"It don't hurt if you-all are a million or so out one side or the other. The figures'll straighten that up. But I'm that curious I'm just itching all over. What d'ye say?"
"Why continue to play at cross purposes?" Dowsett demanded abruptly and coldly. "Let us have the explanation here and now. Mr. Harnish is laboring under a false impression, and he should be set straight. In this deal—"
But Daylight interrupted. He had played too much poker to be unaware or unappreciative of the psychological factor, and he headed Dowsett off in order to play the denouncement of the present game in his own way.
"Speaking of deals," he said, "reminds me of a poker game I once seen in Reno, Nevada. It wa'n't what you-all would call a square game. They-all was tin-horns that sat in. But they was a tenderfoot—short-horns they-all are called out there. He stands behind the dealer and sees that same dealer give hisself four aces offen the bottom of the deck. The tenderfoot is sure shocked. He slides around to the player facin' the dealer across the table.

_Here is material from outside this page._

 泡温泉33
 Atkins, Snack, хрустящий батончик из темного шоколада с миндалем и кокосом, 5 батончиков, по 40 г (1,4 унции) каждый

"'Say,' he whispers, 'I seen the dealer deal hisself four aces.'
"'Well, an' what of it?" says the player.
"'I'm tryin' to tell you-all because I thought you-all ought to know,' says the tenderfoot. 'I tell you-all I seen him deal hisself four aces.'
"'Say, mister,' says the player, 'you-all'd better get outa here. You-all don't understand the game. It's his deal, ain't it?'"
The laughter that greeted his story was hollow and perfunctory, but Daylight appeared not to notice it.
"Your story has some meaning, I suppose," Dowsett said pointedly.